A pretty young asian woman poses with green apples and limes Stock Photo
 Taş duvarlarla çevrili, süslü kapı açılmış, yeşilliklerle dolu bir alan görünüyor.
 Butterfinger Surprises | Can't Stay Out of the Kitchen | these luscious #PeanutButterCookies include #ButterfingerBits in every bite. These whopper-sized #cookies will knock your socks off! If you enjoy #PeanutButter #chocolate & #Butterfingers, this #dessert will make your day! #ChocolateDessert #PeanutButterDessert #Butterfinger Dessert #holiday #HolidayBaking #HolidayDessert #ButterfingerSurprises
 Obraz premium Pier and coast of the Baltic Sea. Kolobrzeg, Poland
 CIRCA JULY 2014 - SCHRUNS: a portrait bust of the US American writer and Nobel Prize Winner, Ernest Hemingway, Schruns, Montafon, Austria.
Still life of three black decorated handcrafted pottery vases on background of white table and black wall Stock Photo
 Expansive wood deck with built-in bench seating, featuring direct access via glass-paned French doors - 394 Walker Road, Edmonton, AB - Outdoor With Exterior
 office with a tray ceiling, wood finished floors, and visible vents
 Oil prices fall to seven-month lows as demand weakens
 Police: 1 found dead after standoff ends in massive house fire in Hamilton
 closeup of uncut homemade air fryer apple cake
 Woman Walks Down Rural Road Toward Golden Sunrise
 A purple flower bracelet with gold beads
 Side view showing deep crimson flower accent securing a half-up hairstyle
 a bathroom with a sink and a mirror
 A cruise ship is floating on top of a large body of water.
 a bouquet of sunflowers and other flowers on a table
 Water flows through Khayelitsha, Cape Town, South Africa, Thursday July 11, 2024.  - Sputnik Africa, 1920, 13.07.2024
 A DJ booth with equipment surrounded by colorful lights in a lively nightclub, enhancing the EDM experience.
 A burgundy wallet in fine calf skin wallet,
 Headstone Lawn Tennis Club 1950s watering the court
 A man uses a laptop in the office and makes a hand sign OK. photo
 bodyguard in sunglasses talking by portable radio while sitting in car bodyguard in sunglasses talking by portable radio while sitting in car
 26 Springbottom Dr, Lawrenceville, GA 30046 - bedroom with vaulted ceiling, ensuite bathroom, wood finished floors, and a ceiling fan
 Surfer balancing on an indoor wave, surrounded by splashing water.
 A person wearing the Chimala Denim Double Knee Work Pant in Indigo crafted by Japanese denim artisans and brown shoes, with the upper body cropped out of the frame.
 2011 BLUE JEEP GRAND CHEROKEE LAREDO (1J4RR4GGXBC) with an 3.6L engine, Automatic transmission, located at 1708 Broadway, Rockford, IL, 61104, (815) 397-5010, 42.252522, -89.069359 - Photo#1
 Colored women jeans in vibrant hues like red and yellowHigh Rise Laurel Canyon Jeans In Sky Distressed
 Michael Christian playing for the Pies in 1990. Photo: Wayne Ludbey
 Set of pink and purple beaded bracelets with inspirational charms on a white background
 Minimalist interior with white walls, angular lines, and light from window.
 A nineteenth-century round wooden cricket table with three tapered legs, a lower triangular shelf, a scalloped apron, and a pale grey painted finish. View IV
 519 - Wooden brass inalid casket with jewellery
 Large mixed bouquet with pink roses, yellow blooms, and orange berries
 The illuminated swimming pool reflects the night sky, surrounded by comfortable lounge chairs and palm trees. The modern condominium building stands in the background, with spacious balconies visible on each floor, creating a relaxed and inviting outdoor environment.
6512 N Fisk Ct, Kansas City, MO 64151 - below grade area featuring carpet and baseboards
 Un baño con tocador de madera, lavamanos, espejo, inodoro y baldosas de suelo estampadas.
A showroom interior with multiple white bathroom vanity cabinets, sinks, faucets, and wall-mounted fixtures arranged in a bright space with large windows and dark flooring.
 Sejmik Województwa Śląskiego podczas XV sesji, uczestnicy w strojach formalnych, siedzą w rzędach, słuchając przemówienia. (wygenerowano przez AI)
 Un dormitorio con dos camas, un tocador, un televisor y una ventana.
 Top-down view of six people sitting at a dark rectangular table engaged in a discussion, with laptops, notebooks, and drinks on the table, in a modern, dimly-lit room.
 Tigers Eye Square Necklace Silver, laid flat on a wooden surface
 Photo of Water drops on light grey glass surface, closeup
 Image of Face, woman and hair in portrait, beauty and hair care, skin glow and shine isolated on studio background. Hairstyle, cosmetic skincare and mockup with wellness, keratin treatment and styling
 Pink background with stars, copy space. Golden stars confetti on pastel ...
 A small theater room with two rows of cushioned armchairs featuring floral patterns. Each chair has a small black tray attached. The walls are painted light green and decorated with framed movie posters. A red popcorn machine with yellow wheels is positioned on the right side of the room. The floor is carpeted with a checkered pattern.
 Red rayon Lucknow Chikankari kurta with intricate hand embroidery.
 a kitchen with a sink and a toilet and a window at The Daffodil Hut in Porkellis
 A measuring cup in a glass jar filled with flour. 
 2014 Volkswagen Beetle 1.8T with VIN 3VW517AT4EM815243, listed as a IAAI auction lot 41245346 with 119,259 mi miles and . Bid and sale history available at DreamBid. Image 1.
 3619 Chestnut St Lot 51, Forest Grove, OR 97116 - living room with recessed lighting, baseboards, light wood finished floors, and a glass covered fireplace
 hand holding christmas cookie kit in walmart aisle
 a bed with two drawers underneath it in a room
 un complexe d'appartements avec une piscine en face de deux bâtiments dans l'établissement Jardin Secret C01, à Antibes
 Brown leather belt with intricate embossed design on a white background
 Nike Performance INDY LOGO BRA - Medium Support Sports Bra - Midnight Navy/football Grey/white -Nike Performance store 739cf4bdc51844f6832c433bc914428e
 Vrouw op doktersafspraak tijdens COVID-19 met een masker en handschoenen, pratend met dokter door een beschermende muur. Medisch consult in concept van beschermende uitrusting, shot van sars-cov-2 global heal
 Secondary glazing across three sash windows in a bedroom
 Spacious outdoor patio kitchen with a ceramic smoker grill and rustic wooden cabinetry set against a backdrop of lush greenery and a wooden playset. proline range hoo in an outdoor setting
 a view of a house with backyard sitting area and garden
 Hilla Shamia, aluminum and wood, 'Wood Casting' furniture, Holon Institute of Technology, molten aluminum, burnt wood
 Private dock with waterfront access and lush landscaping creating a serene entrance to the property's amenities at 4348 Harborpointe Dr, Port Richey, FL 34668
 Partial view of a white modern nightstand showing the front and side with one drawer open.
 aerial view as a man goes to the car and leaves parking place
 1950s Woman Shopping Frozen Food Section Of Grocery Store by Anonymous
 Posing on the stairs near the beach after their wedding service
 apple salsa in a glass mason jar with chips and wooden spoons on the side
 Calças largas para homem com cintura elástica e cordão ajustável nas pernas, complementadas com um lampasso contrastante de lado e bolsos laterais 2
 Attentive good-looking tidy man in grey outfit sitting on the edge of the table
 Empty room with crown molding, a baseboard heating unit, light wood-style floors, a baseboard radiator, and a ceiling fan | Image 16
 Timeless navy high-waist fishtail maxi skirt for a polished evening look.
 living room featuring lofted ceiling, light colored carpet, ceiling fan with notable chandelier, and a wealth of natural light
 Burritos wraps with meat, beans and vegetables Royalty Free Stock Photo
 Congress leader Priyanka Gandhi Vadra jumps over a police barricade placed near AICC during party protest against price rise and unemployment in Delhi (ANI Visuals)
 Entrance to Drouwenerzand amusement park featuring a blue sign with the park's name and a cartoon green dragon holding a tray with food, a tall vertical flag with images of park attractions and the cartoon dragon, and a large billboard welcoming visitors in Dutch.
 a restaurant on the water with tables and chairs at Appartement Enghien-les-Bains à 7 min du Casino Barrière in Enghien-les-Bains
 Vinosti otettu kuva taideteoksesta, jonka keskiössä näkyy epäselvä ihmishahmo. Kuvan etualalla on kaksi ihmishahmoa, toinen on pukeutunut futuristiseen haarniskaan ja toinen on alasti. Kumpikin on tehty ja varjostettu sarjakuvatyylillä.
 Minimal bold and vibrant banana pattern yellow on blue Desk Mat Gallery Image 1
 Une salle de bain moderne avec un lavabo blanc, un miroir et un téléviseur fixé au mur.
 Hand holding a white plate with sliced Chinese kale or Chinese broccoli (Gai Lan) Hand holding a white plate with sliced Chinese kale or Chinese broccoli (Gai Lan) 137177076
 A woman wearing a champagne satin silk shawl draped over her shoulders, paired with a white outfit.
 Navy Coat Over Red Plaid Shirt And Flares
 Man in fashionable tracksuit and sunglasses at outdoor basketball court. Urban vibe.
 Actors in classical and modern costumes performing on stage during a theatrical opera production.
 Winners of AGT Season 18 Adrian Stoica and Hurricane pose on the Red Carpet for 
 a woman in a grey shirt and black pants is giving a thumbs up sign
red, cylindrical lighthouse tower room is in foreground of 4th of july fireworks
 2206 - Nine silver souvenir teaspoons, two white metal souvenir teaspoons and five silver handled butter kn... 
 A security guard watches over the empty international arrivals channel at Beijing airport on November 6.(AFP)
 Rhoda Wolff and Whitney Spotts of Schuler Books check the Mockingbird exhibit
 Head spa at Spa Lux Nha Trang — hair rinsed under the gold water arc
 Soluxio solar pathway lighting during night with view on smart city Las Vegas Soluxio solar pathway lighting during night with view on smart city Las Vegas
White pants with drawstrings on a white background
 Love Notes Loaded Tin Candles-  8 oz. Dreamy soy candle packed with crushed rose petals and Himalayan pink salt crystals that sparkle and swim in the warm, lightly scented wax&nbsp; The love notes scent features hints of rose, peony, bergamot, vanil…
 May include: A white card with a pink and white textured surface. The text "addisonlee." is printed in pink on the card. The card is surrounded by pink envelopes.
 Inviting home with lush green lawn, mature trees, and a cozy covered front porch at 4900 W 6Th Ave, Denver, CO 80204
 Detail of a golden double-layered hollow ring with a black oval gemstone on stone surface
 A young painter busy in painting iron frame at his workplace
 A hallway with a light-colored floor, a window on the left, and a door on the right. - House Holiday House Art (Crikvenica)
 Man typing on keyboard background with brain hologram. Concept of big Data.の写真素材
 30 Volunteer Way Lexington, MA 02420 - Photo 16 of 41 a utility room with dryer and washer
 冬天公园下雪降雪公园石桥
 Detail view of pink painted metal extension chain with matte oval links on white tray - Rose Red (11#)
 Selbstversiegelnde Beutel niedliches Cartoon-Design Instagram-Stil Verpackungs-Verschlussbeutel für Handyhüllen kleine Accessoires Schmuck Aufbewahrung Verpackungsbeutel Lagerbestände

—————

**Assignment**. Both end lines included, restate word for word the lines above from the line with "Image of Face, woman" to the line with "2014 Volkswagen Beetle", and nothing else.

**Task solution**.
 Image of Face, woman and hair in portrait, beauty and hair care, skin glow and shine isolated on studio background. Hairstyle, cosmetic skincare and mockup with wellness, keratin treatment and styling
 Pink background with stars, copy space. Golden stars confetti on pastel ...
 A small theater room with two rows of cushioned armchairs featuring floral patterns. Each chair has a small black tray attached. The walls are painted light green and decorated with framed movie posters. A red popcorn machine with yellow wheels is positioned on the right side of the room. The floor is carpeted with a checkered pattern.
 Red rayon Lucknow Chikankari kurta with intricate hand embroidery.
 a kitchen with a sink and a toilet and a window at The Daffodil Hut in Porkellis
 A measuring cup in a glass jar filled with flour. 
 2014 Volkswagen Beetle 1.8T with VIN 3VW517AT4EM815243, listed as a IAAI auction lot 41245346 with 119,259 mi miles and . Bid and sale history available at DreamBid. Image 1.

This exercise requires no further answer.